Is umbilicocerebral ratio better than cerebroplacental ratio for predicting adverse pregnancy and neonatal outcomes?

Kalafat, Erkan
Kalaylioglu, Zeynep
Thilaganathan, Basky
Khalil, Asma
Objective A secondary analysis of the trial of randomized umbilical and fetal flow in Europe suggested that the umbilicocerebral ratio (UCR) provides better differentiation of neurodevelopmental outcome in the abnormal range compared with that of the cerebroplacental ratio (CPR).1 However, the reported superiority of UCR is controversial.2 This study aimed to compare the CPR and the UCR for predicting operative delivery for presumed fetal compromise and prolonged neonatal unit (NNU) admission in term fetuses suspected to be small for gestational age (SGA). Study Design This study was a retrospective analysis of singleton pregnancies with estimated fetal weight less than the 10th centile (SGA) at 36 weeks’ gestation or beyond at St George’s Hospital in London between 1999 and 2015. CPR was calculated as the ratio of middle cerebral artery and umbilical artery pulsatility index, whereas UCR was calculated as the inverse of CPR. The outcomes were operative delivery for presumed fetal compromise and prolonged NNU admission (admission to the NNU for longer than 48 hours).3 Multiples of medians (MoMs) were calculated using the reference ranges reported by Acharya et al.4 The predictive accuracy was assessed using receiver operating characteristic curves.

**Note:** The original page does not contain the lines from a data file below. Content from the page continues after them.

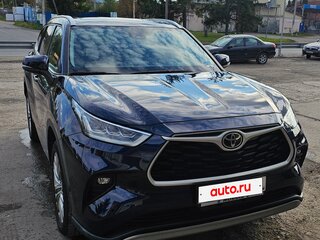 2022 Toyota Highlander IV (XU70), синий, 4580000 рублей, вид 1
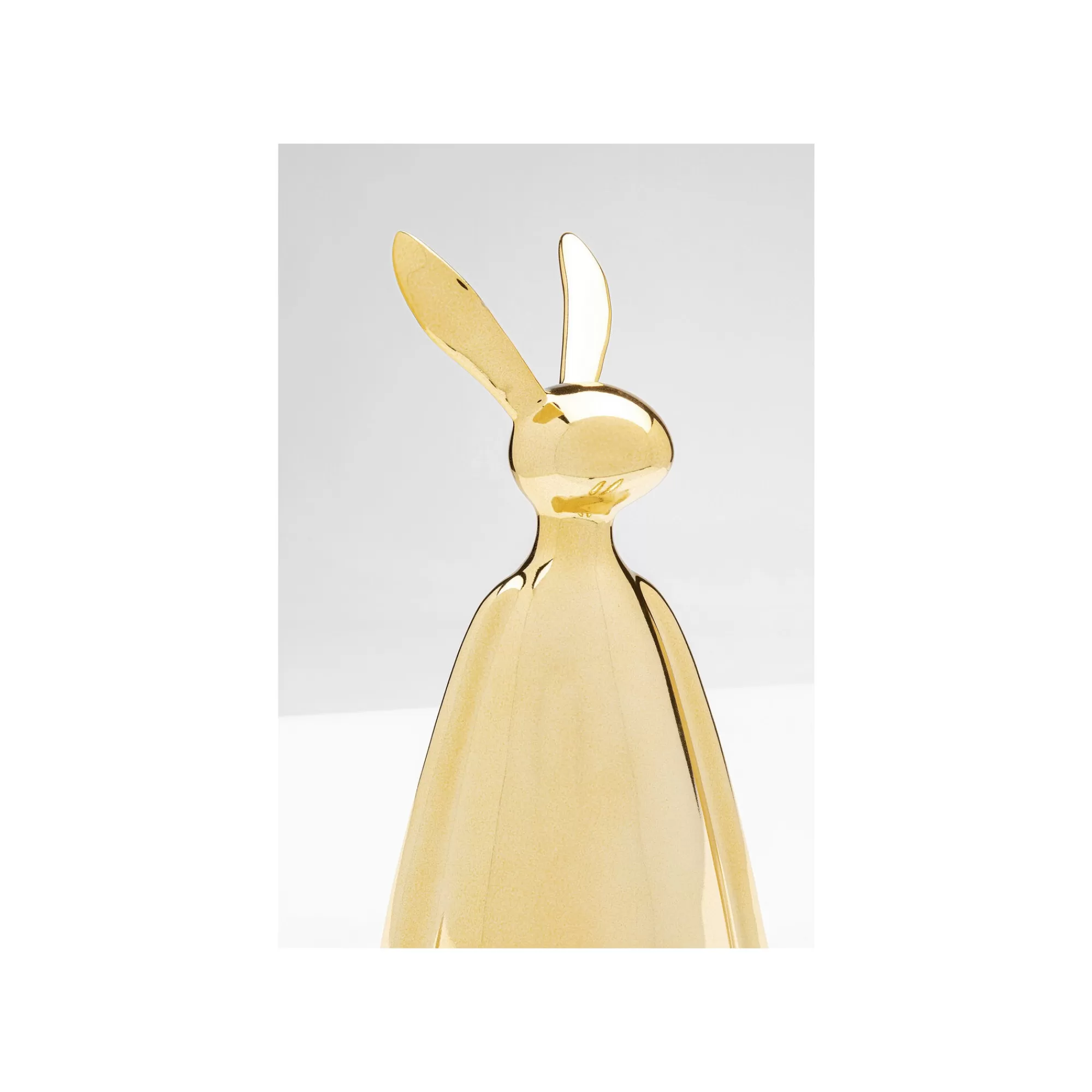 KARE Design Déco Lapin Doré Assis ^ Déco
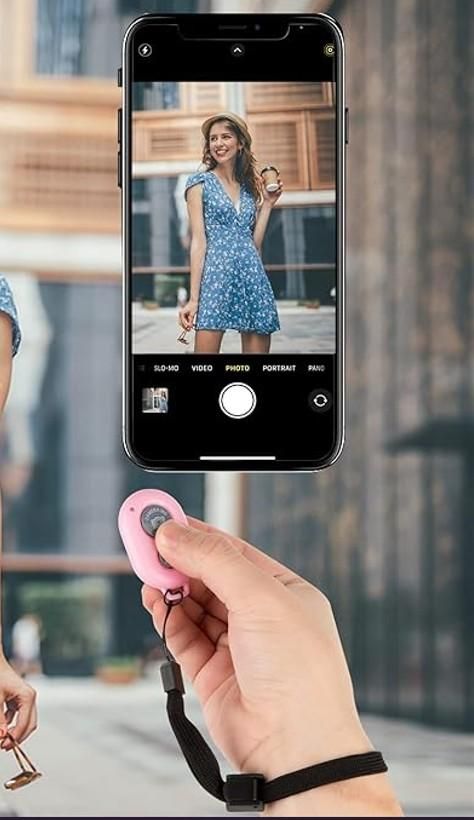 Bluetooth Camera Remote Shutter for Mobile & Camera – Wireless Selfie Remote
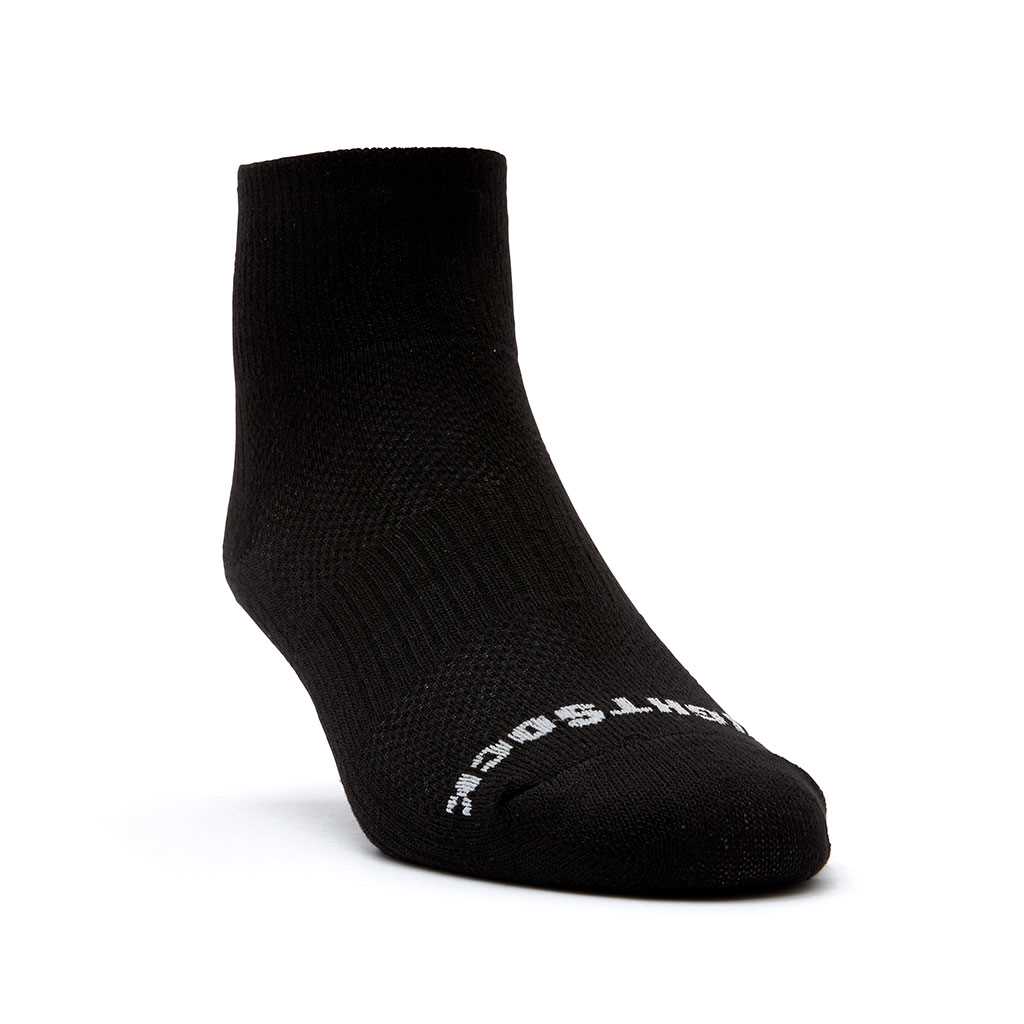 Coolmesh II - Quarter Socks - Black - Coolmesh II - Quarter Socks - Black front View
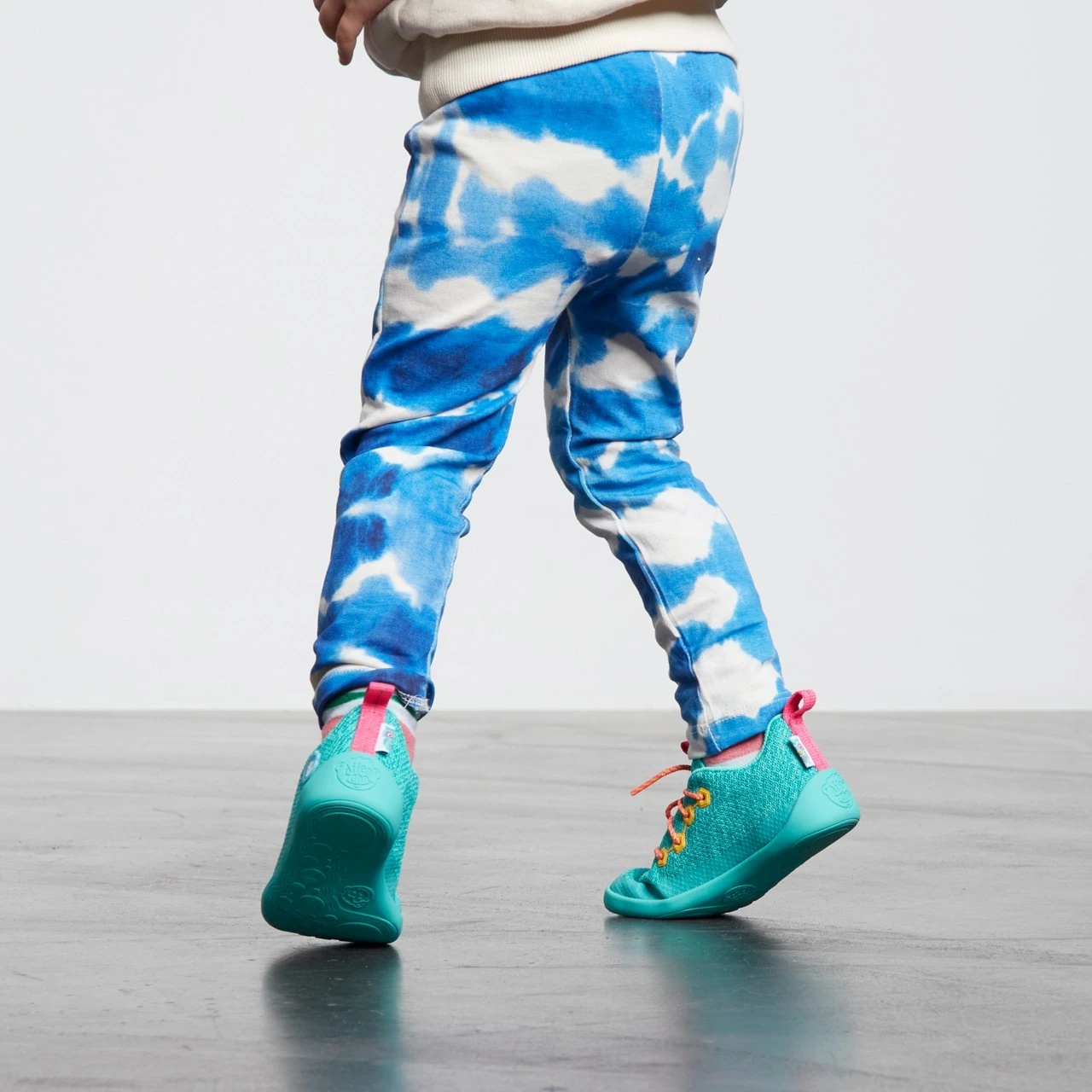 Affenzahn Barfußschuh Eule KNIT Türkis Schnürer 4 Affenzahn Barfußschuh Eule KNIT Türkis Schnürer – Bild 4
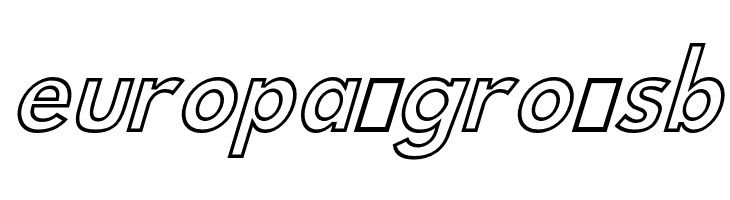Hussar Simple ExtraCondensed Ghost Oblique Three  Free Fonts Download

Results The analysis included 958 pregnancies. The incidence rates of operative delivery and prolonged NNU admission were 17.6% (169 of 958) and 4.7% (45 of 958), respectively. The CPR (median: 1.63 vs 1.51) and UCR (median: 0.61 vs 0.66) values were significantly different in fetuses who underwent operative delivery for presumed fetal compromise compared with those who did not (P=.015 for both). There were no statistically significant differences in either UCR or CPR between those with and without prolonged NNU admission (P=.230 for both). The number of outlier values without MoM correction was significantly more with UCR compared with CPR in those who did not have operative delivery for presumed fetal compromise (5.6%, 44 of 789, vs 1.6%,13 of 789; P<.001) and prolonged NNU admission (5.0%, 46 of 913, vs 1.5%, 14 of 913; P<.001). The area under the curve (AUC) values of UCR and CPR for predicting operative delivery for presumed fetal compromise (AUC, 0.56; 95% confidence interval [CI], 0.51–0.61) and prolonged NNU admission (AUC, 0.55; 95% CI, 0.46–0.64) were the same (Figure).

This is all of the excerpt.